A pressure transducer (not shown) is connected to the compressor outlet and monitors the pressure continuously. When predetermined pressures are reached the rotor is actuated or the compressor switched on/off. The hand controller can be used to show alarms, system status and allow users to set pressures/time cycles etc.

Examples of various settings referring to the cell zones shown in Figure 4 of the drawings may be as follows:

Zone A1 +B1 =40mmHg

Zone A2+B2=45mmHg

Zone A3+B3=100mmHg

Referring to Figure 5, in operation at Stage 1 (Figure 5a), the air intake holes 38 fluidically communicate with all the ports 40, 42 through recessed area 44 so that all the cellular zones are connected in an inflation process.

The compressor runs and increases the pressure. Previously pressurized zones will vent air into depressuhzed zones. This stage is referred to as the crossover period because it helps reduce wasted air. In operation at Stage 2 (Figure 5b) the rotor is rotated clockwise so that ports 42 supplying zones A1 - A3 are taken out of communication with air intake holes 38 so as to deflate Zones A1 + A2 + A3 simultaneously. Ports 40 supplying zones B1 -B3 are maintained in communication with air intake holes 38 to inflate zones B1 + B2 + B3 to a first predetermined pressure (40mmHg). When the 40mmHg predetermined pressure is reached the rotor is rotated again onto the next stage.
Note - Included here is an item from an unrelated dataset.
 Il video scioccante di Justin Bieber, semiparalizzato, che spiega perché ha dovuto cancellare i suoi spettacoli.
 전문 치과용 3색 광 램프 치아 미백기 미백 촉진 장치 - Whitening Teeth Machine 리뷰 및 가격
In operation at Stage 3 (Figure 5c), zone B1 is locked off at the preset 40mnnHg to maintain that pressure for a set period of time and then Zones B2 + B3 are further pressurized to 45mmHg. When this further predetermined pressure is reached the rotor is rotated again to Stage 4. During this period all the cells of zone A (A1 -A3)are still deflating to atmosphere through recessed area 46 and exhaust port 47..
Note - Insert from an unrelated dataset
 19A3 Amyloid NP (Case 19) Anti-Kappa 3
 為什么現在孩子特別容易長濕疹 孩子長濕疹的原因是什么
In operation at Stage 4 (Figure 5d), zone B2 is locked off at the preset 45mmHg and Zone B3 is further pressurized to a next predetermined pressure of 100mmHg. When this higher pressure is reached the compressor is switched off. During this period all zone A cells are still deflating to atmosphere through recessed area 46 and exhaust port 47. Once the desired time period has expired then the rotor is moved to Stage 5.
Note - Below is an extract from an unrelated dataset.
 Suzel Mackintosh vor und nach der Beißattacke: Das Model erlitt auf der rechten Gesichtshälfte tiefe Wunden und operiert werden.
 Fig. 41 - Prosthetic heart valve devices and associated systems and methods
In operation at stage 5 (Figure 5e), all zones are connected in an inflation process through recessed area 44. The compressor runs and increases the pressure. Previously pressurized zones will vent air into depressuhzed zones. This stage is referred to as the crossover period, as in stage 1.

Stages 6, 7 and 8 are operated in a similar process to the previous stages but with the rotor being indexed anticlockwise and inflating the zone A cells sequentially while putting the zone B cells into deflate mode.

The cycle time can be in the range from 6-20 minutes.

The benefits of this system are that it runs from a DC source allowing it to be easily used in any country. Also, the pneumatic distributor allows for an emergency deflate where rotor 34 communicates with all the ports in a function known as static where rotor 34 communicates all the system cells to the air intake holes through recessed area 44 so that all the cells are simultaneously inflated to allow for a static support for bed baths etc.